Now the white guy starts out as quite evil himself, in a Heinrich Himmler kind of way. A (physical) weakling himself, he organizes a forced relocation, separates family members, orders beatings, and, in the most harrowing of the scenes, delights in burning down a shack full of alien eggs. All the while he is certain, even cheerful, that he is doing good work. It takes him a very long time to turn just good enough to make for the right ending (but not so good that you'd be comfortable in his presence). I think for a plot like this one, there was just no way out. If he had been cast as a black man, the charge of racism would stand even stronger.

I can buy a white guy cheerfully suppressing because he is to small-minded to know what's really going on (or very good at ignoring), but a black one, and a South African at that? I'd have a hard time believing that someone who was at the other end of the baton just a few years ago could block out the true state of affairs as much as the male lead in this movie does.
DonAithnendonaithnen on August 17th, 2009 05:37 am (UTC)
I actually got it from Audible sometime last year. I liked it a fair bit but would have enjoyed it more if not for the obviously forecast incredibly depressing ending.

I actually thought it was very much science fiction though, since it made the time traveling a genetic condition and then did a good job of exploring the repercussions of that, including attempts at a a medical treatment, inheritance, etc.

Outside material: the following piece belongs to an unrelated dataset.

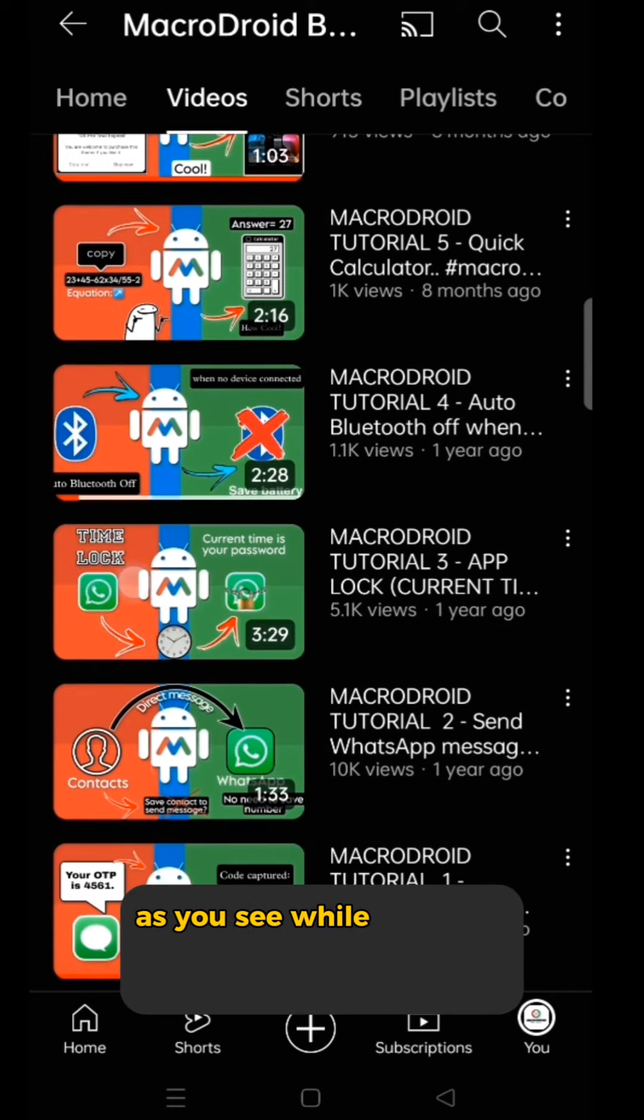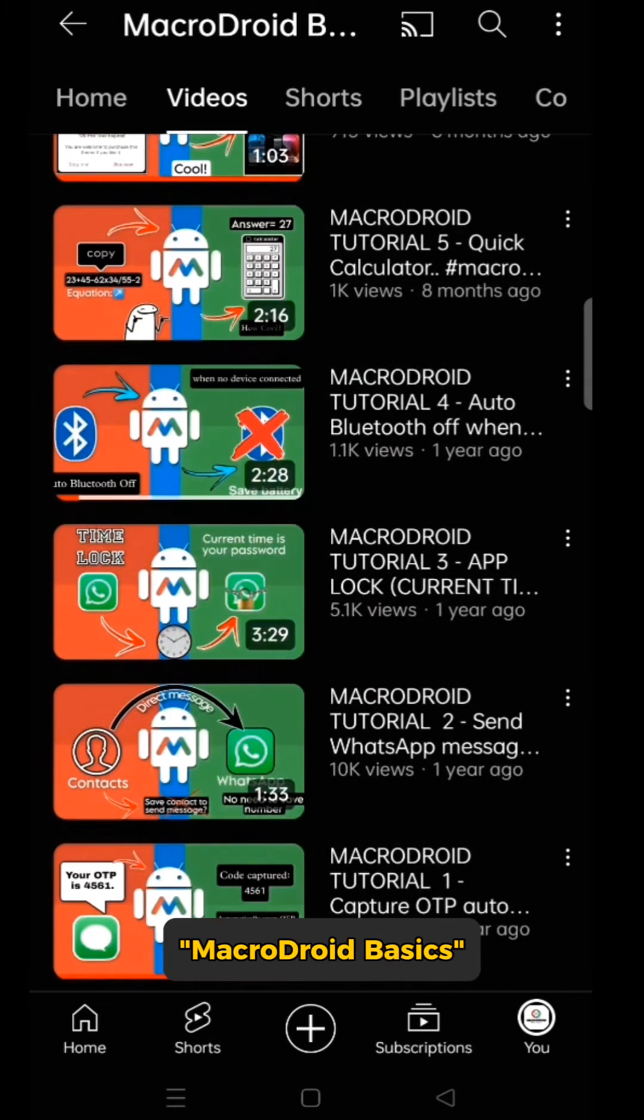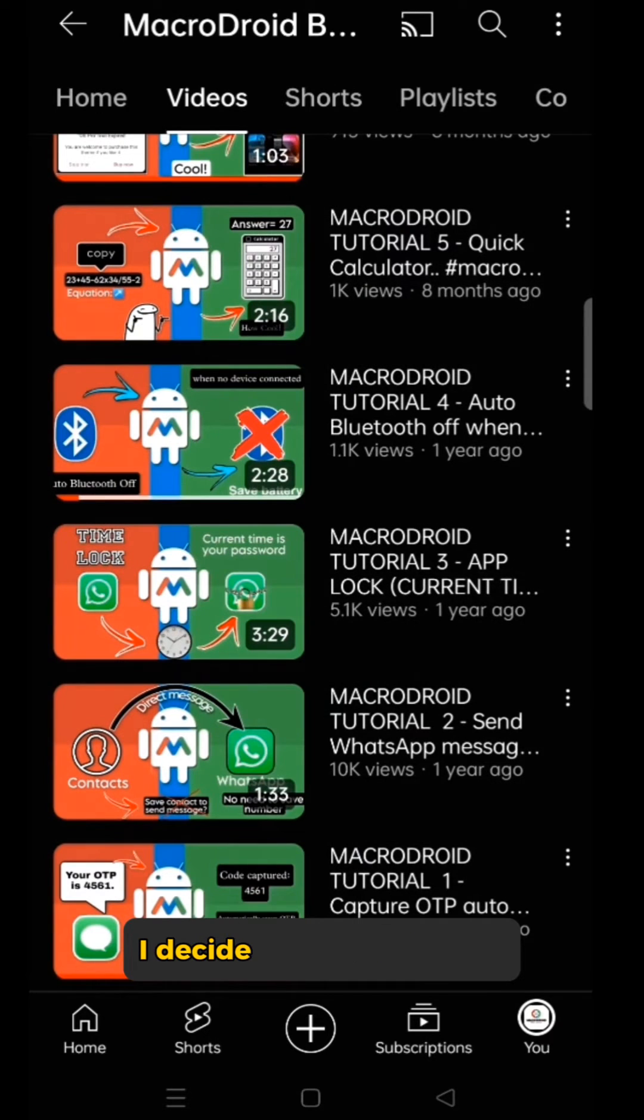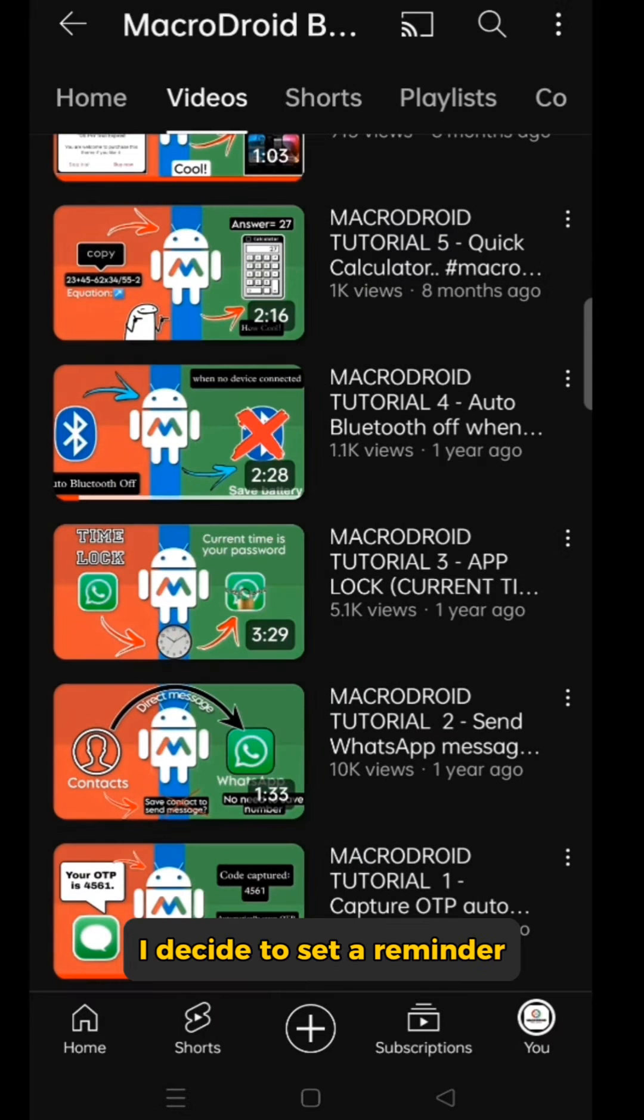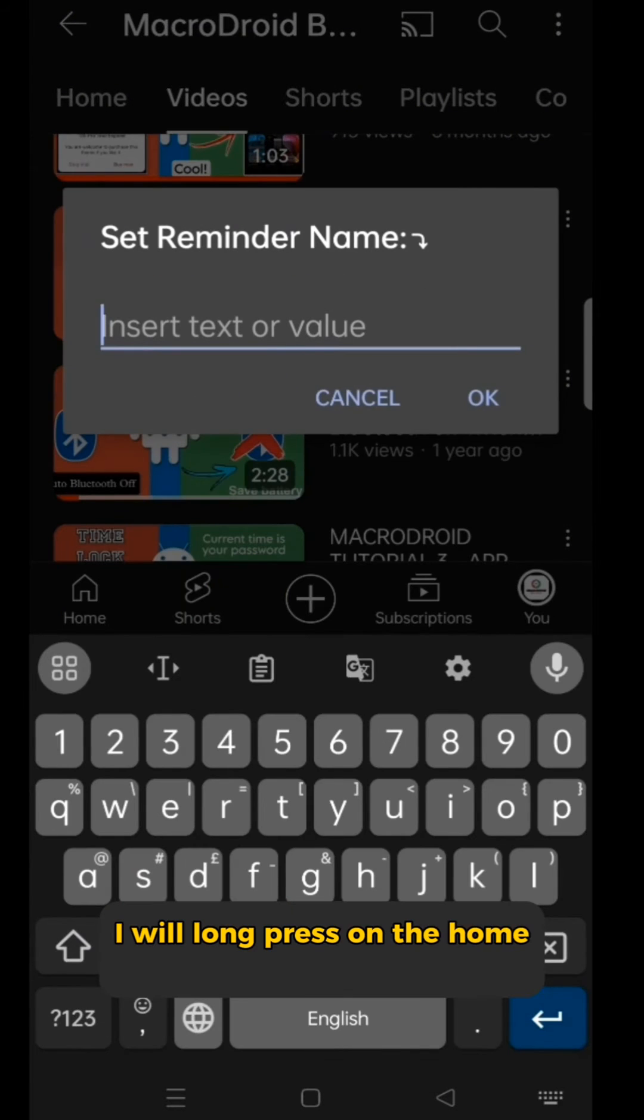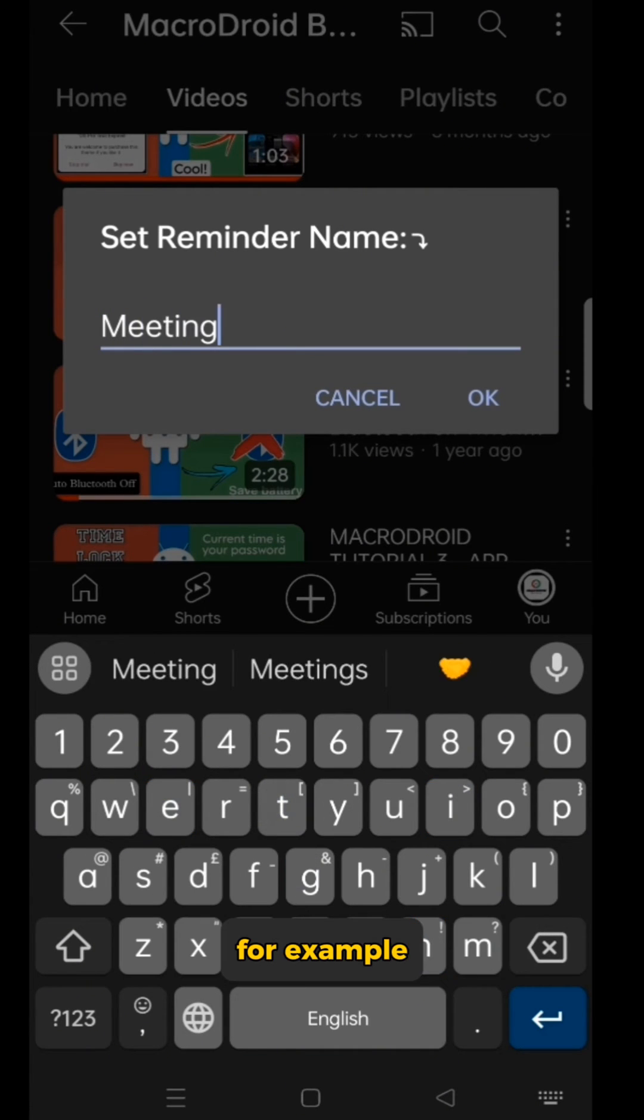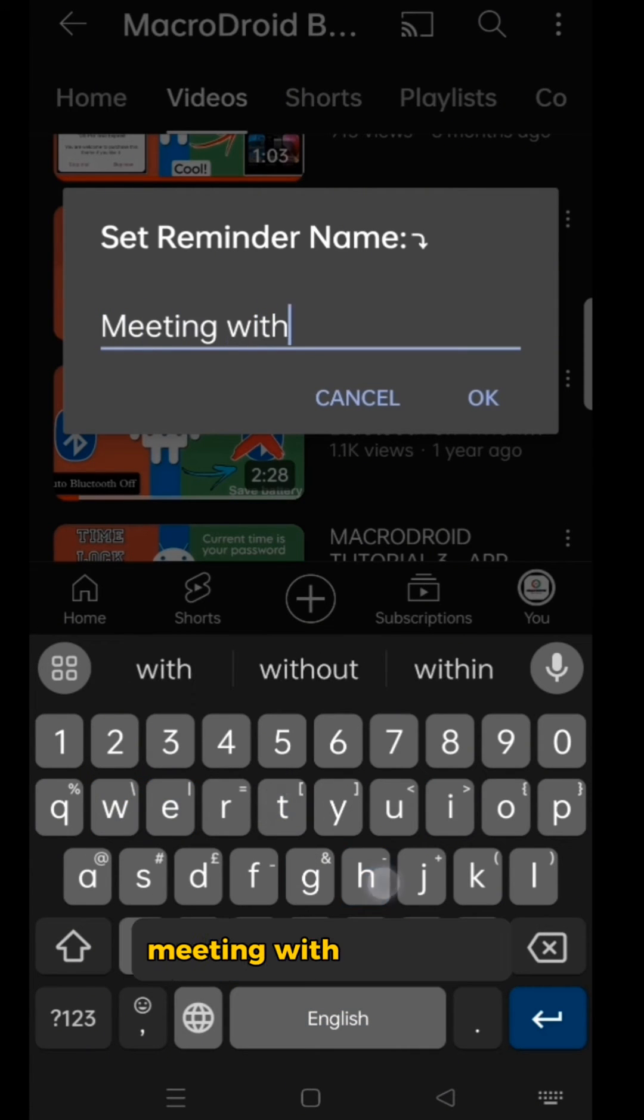As you see, while scrolling through my YouTube channel MacroDroid Basics, I decide to set a reminder. I will long press on the home button and it prompts a dialog box to name the reminder, for example, meeting with the doctor.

It actually did a better job of examining the implications of its SF elements than some books that are actually classified as SF. Off the top of my head, Linnea Sinclair's stuff is often very good romance but really glosses over the SF background of the various universes she's created.
Coraacoraa on August 17th, 2009 05:42 am (UTC)
Huh, interesting.

I can't exactly explain what about it seems more like mainstream to me than like SF/F, but it really, really does. It has a lot in common with the books my book group reads.